_WHAT YOU HAVE TO DO_: For this exercise, retype the lines from the one that holds "Puzzle 70 forest animals..." through the one that holds "Marx 3000 Vintage" in the records below, both included, exactly and without pictures.

_RECORD SET_:
* * * * * * *
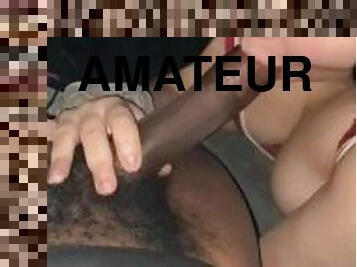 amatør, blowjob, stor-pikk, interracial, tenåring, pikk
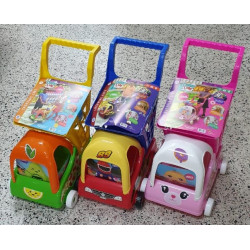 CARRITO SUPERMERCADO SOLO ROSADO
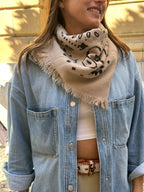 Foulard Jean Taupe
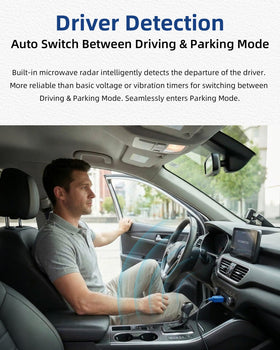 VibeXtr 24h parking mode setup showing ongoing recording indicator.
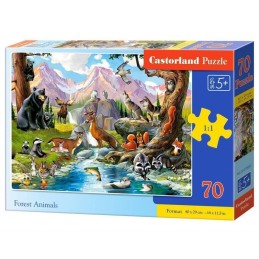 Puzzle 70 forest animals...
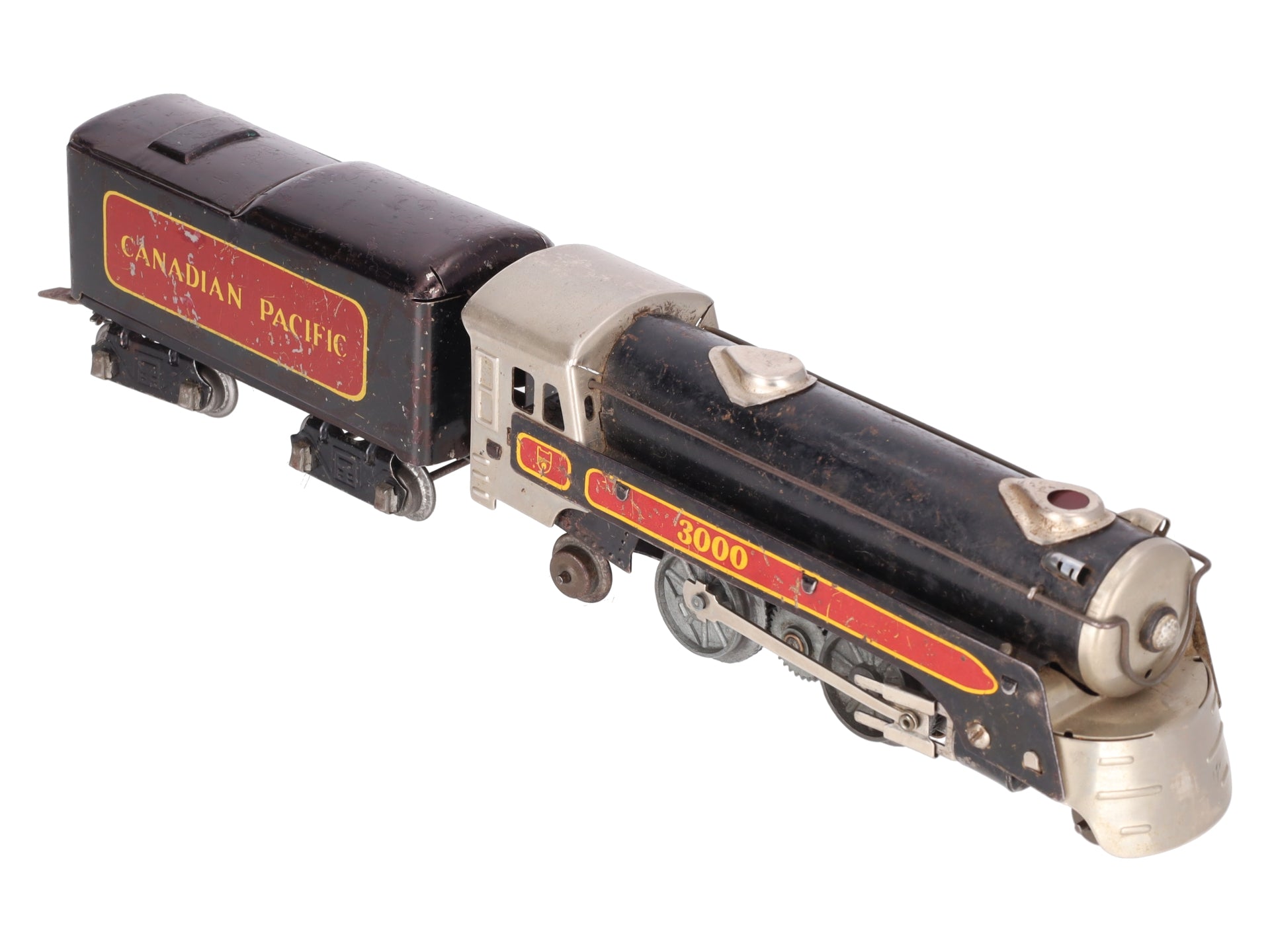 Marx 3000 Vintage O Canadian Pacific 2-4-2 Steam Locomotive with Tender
* * * * * * *
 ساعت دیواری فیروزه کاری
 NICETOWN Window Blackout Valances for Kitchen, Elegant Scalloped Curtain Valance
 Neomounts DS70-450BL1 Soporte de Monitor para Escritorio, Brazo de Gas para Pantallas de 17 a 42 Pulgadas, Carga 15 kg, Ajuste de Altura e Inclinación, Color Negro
* * * * * * *
_SOLUTION BELOW_:
 Puzzle 70 forest animals...
 Marx 3000 Vintage O Canadian Pacific 2-4-2 Steam Locomotive with Tender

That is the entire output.